Nouvelles de l'Empire : de mal en pire

     Le 2 mars 2007, le général US 4 étoiles en retraite Wesley Clark vendait la mèche à New York : dans une conférence publique (visible sur YouTube), il révélait que très peu après le 11/09/2001, tout frais retraité, un mémo top-secret lui fut montré en catimini au Pentagone par un autre collègue général effaré par son contenu : les Etats-Unis projetaient d'attaquer SEPT pays en cinq ans : Irak, Syrie, Liban, Libye, Somalie, Soudan et pour finir l'Iran.

À sa question "Pourquoi ? il lui fut répondu : "On ne sait pas !", ce qui fit rire (jaune ?) l'assistance.

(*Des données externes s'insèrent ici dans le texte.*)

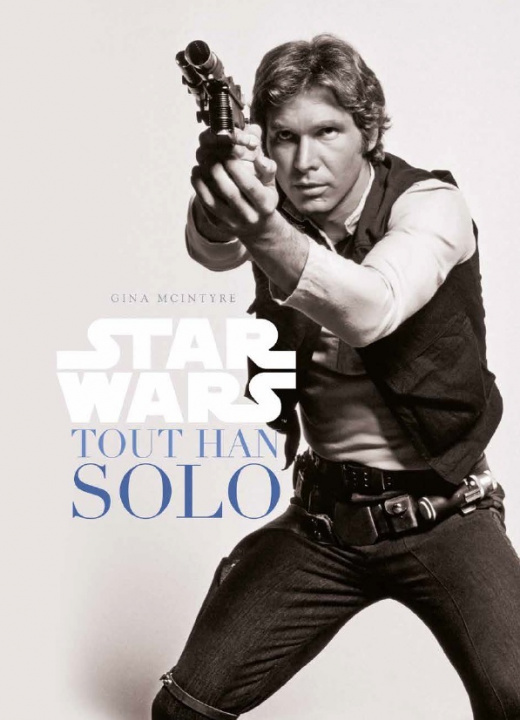 Könyv Star Wars : Tout Han Solo McIntyre Gina
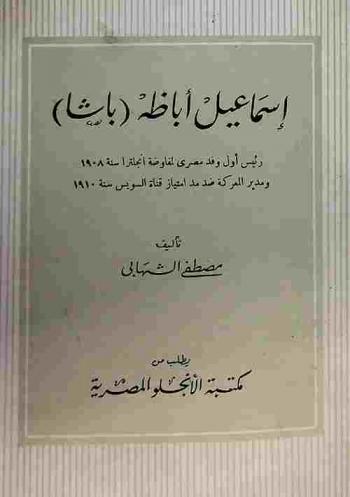 إسماعيل أباظة (باشا) : رئيس أول وفد مصري لمفاوضة إنجلترا سنة 1908 ومدير المعركة ضد مد امتياز قناة السويس سنة 1910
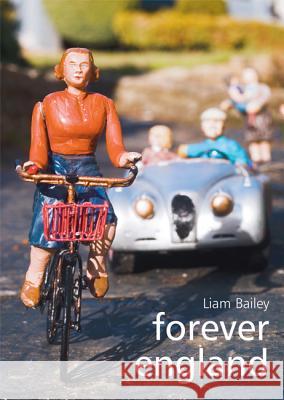 Forever England: Photographs from Bekonscot Model Village Liam Bailey 9781904587309 0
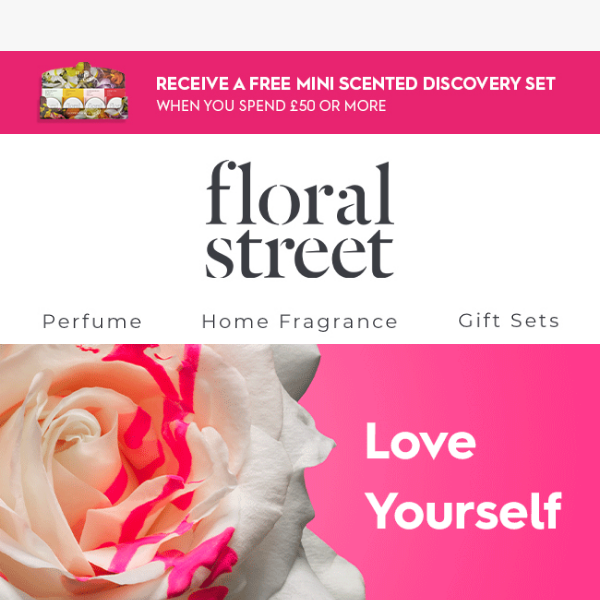 Practice self-care with Floral Street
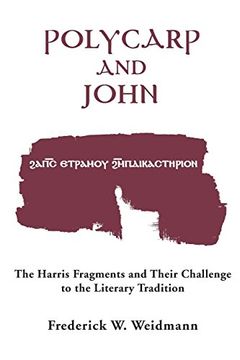 portada Polycarp and John: The Harris Fragments and Their Challenge to the Literary Traditions (nd Christianity & Judaism Anitqui) (en Inglés)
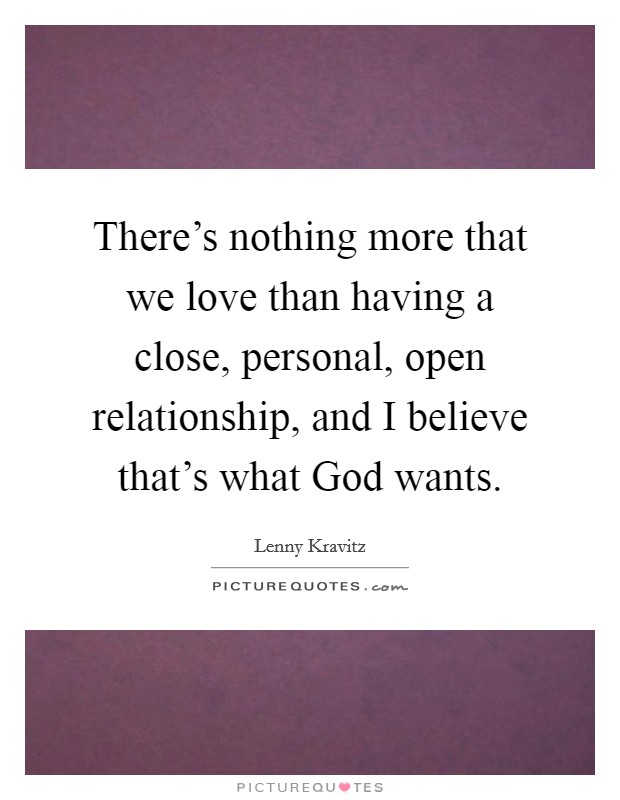 There's nothing more that we love than having a close, personal, open relationship, and I believe that's what God wants. Picture Quote #1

     Il est vrai qu'il y a eu un peu d'impondérables dans l'ordre du programme de "regime change", des trous (on avait aussi oublié quelques "pays de merde", -dixit Trump- à détruire car refusant obstinément de se soumettre) et un sérieux retard dans l'exécution complète, mais dans les grandes lignes le programme a été lancé ou est activement en cours (Syrie). Des millions d'êtres humains semblables à nous ont vu leur vie s'achever tragiquement ou totalement ravagée par la volonté d'une minuscule caste de va-t-en-guerre décidés à punir des pays par trop irrespectueux de la volonté du plus fort, tout en améliorant copieusement les bilans du complexe militaro-industriel atlantiste.

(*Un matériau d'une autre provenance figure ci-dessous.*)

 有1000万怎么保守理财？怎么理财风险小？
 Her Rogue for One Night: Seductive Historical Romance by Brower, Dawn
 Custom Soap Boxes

     Quant à l'Iran, le dernier de la liste, (la cerise sur le gâteau ?) il avait pourtant déjà subi avec succès en 1953 un type innovateur de "regime change" made by CIA quand le Dr Mossadegh, le premier et dernier Premier Ministre jamais élu démocratiquement, qui tenta d'instaurer une République laïque, avait été renversé suite à sa nationalisation du pétrole iranien en représailles contre l'intransigeance british sur les dividendes pétroliers, grâce à de violentes "émeutes populaires" surgies de l'opération Anglo-US AJAX  organisée et pilotée par Kermit Roosevelt de la CIA et bien alimentée en valises bourrées de dollars.

     Ce grand bourgeois démocrate et laïque iranien fut accusé faussement d'être un "communiste", la peine de mort fut requise contre lui mais il fut embastillé jusqu'à sa mort, contrairement à certains de ses partisans qui furent torturés puis exécutés.

Et la démocratie avec, à jamais !

Ainsi fut réinstallé le Shah exilé qui mit en place une si cruelle dictature qu'elle conduisit bien plus tard à la révolution islamique.

Autrement dit, le peuple persan doit sa République Islamique actuelle aux sordides machinations des britanniques et de la CIA. ! On dit merci ?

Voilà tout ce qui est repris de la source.